One of Britain’s most outstanding period instrument ensembles, Florilegium, along with the Florilegium choir, brought splendour, finesse and prowess to St David’s Hall on Thursday 13 March.
The whole performance was conducted by David Hill, while Florilegium Director, Ashley Solomon, impressed with his flutter-tonguing in his solo during the orchestra’s second number, Flute Concerto in G by Christoph Willibald Gluck.
The night featured three suites of music. As well as Gluck’s flute concerto the orchestra and choir performed Te Deum by Marc-Antonie Charpentier and finished with Mass in C minor by Wolfgang Admadeus Mozart. All were beautifully executed.
The first set of pieces by Charpentier introduced all the players and singers. The orchestra began the piece and the Florilegium Choir swiftly joined in.

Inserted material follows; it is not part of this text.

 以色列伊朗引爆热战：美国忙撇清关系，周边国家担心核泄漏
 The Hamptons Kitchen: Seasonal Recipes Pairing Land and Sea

The Florilegium Choir’s voices added another dimension to what any audience is usually used to seeing and hearing with a standard orchestra performance. This combination of instruments and voices was then enhanced by the sudden appearances of solo voices, which included sopranos, Elin Manahan Thomas and Helen-Jane Howells, bass-singer, Robert Davies and tenor, Nick Pritchard.
The choir and solo singers left the stage for the second set of pieces and Ashley Solomon wowed with his flute solo, although it did seem at times he should make the stand he was reading the music from a little higher.
For the third set of pieces the choir was brought back and the solo singers took front of stage, having been hidden at the back of the stage, behind the orchestra, during the Charpentier pieces.
The most impressive performer of the night was Elin Manahan Thomas. Thomas has a well-established and controlled voice and her high-pitch range, which almost made her sound like opera-like, was extremely impressive.